When you do, it takes only a small number of these properly constructed performance pay deals to transform your financial fortunes. It can sometimes be done in one deal. Welcome to true entrepreneurship.

Moving Up From Level One: Labor Arbitrage

This is the level of a young or struggling firm. If you find yourself here, resolve to skip level two altogether and move right to the progressive pricing techniques of level three, most of which you can learn simply by reading about them. Buy Pricing Creativity for $100-$320 and focus on the principles I identified in describing level three above.

Implement as many as you can—it’s not an all-or-nothing proposition. Make the progress where you are able. You will find a new pricing and profit reality.

Moving Up From Level Two: Utilization Maximization

It’s harder to break out of level two than level one.

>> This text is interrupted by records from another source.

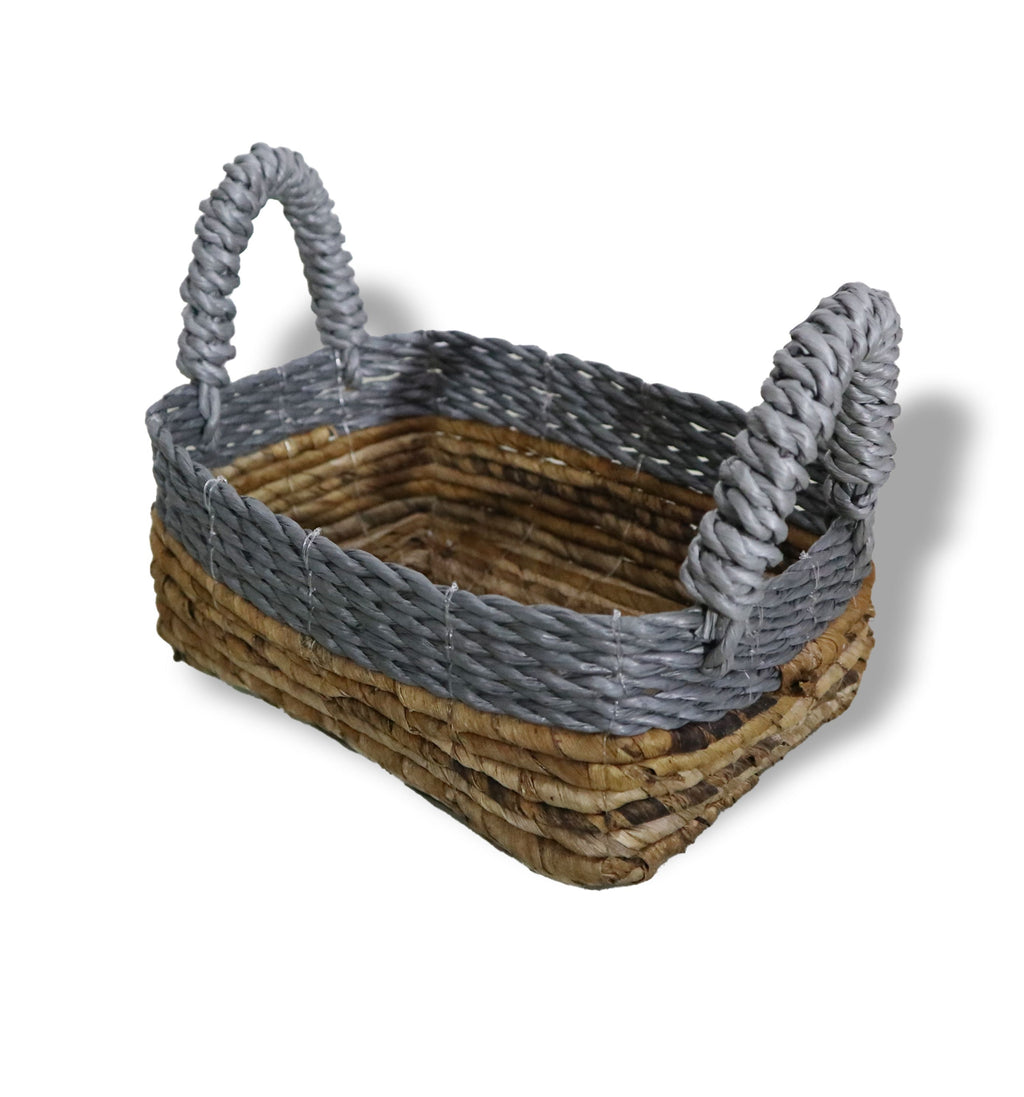 Banana Leaf & Abu-Abu Raffia Square Basket- Set of 3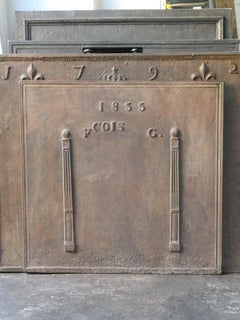 Antique French Neoclassical 'Pillars of Freedom' Fireback / Backsplash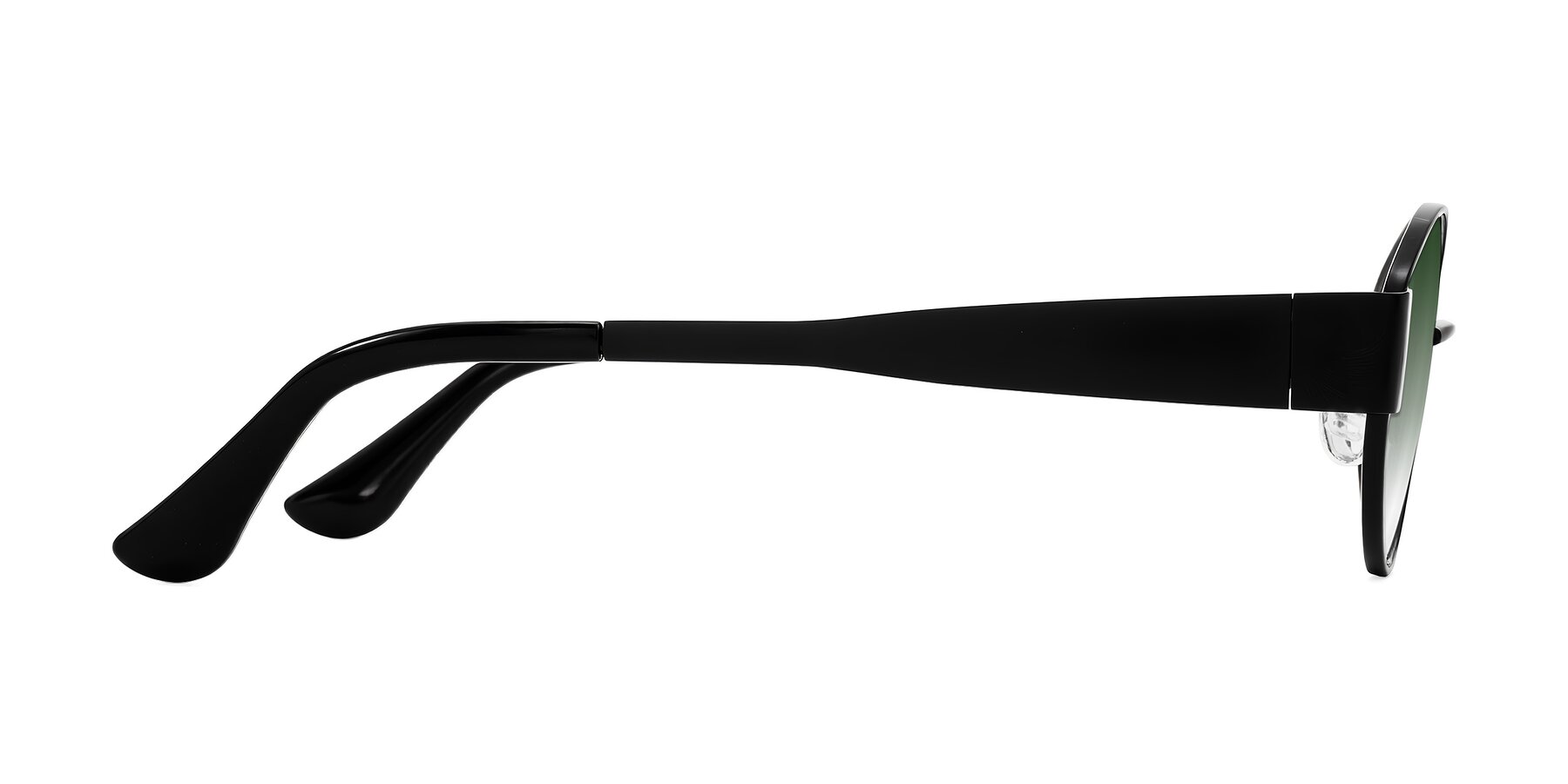 Side of Runoz in Black with Green Gradient Lenses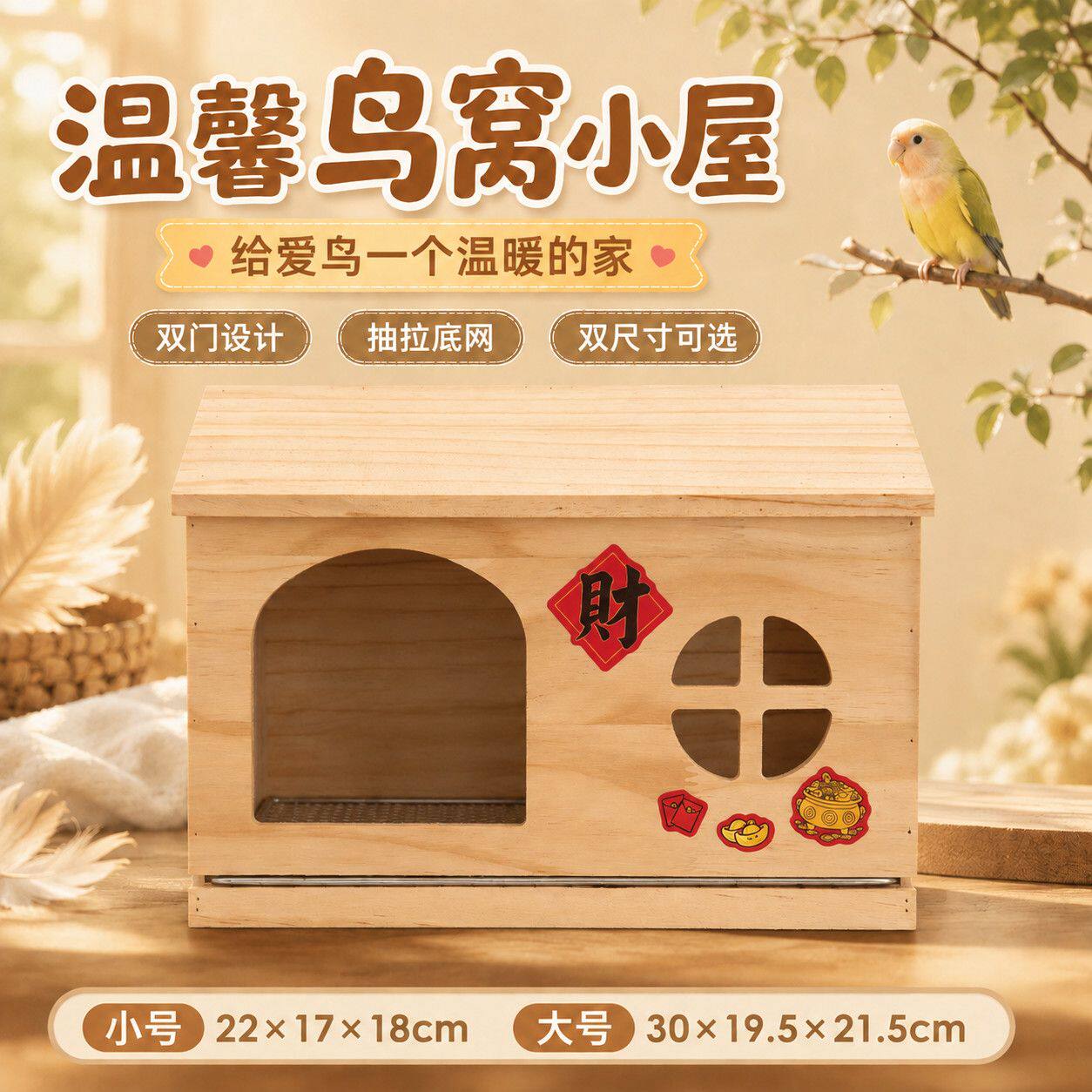 特价清仓四季通用鹦鹉鸟窝可抽拉底网宠物玩具小巧木屋造景用品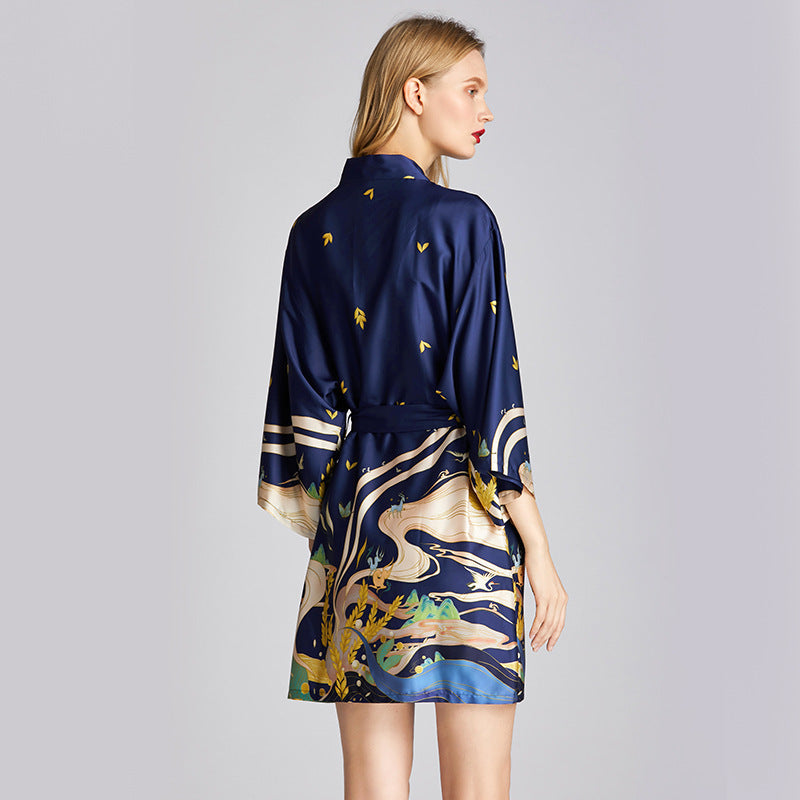 Robe de chambre légère en soie pour l'été – Vêtement d'intérieur pour femme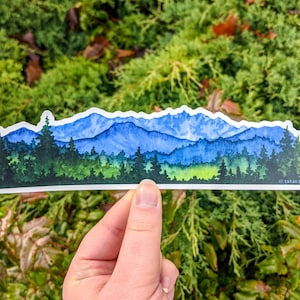 Northwest Landscape Wrap Sticker, 2"x8" Clear Vinyl Die Cut Sticker, Waterproof and Dishwasher Safe image 1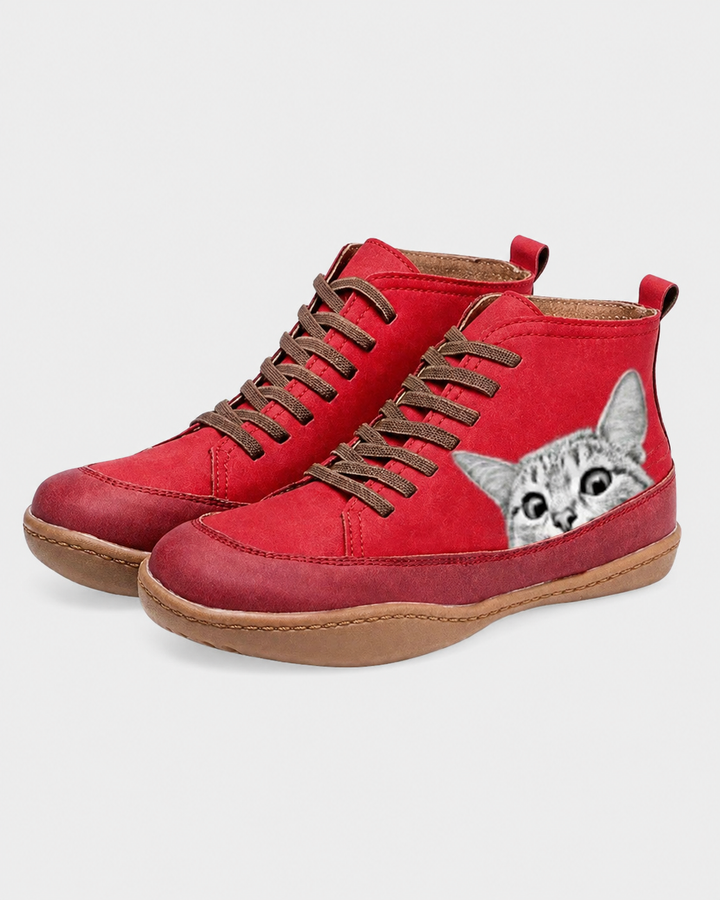 Mina | Sneakers Alte Impermeabili con Stampa Gatto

If you find yourself here, you too should read Pricing Creativity, but first read the post The Complex Battle for Margin, especially if you have been at this place for a long time and identify with the idea of being trapped in a narrow utilization band (discussed in the post) below which you are unprofitable and above which you are understaffed.

Large firms that have institutionalized the tools of efficiency I mentioned in describing level two above end up building the infrastructure that makes it difficult for them to move up.

They can still implement progressive pricing principles to raise their prices, but as the post describes, without some changes to systems and culture, that margin can end up getting “donated” back to the client.

Some private training might help, but it needs buy-in at all the right levels of the firm and a willingness to blow things up that others see as working just fine.

Moving Up From Level Three: Progressive Pricing

First of all, congratulations on arriving at a place few firms do. If you’re here at level three you’ve probably read Pricing Creativity or pieced together many of the principles on your own through various sources.

You’ve applied many of the principles and have expanded the size of your pricing cell but you’ve hit a new limit and you haven’t been able to make the fundamental switch in thinking that opens up the value-based pricing of levels four and five.

We also deliver the learning in private training engagements for firms of any size.

Moving Up From Level Four: Value-Based Pricing

You’re breathing rare air here. You’ve put in the value conversation reps, you easily identify the spots where it makes sense to put forward a value-based price option and you understand the power of getting your proposal to one page.

You have left behind the idea your income should be tied to effort. You are making money that looked impossible a year or two ago and you are no longer unnecessarily inflating the size of your firm.

And still you find there’s room for more risk/reward in your client portfolio.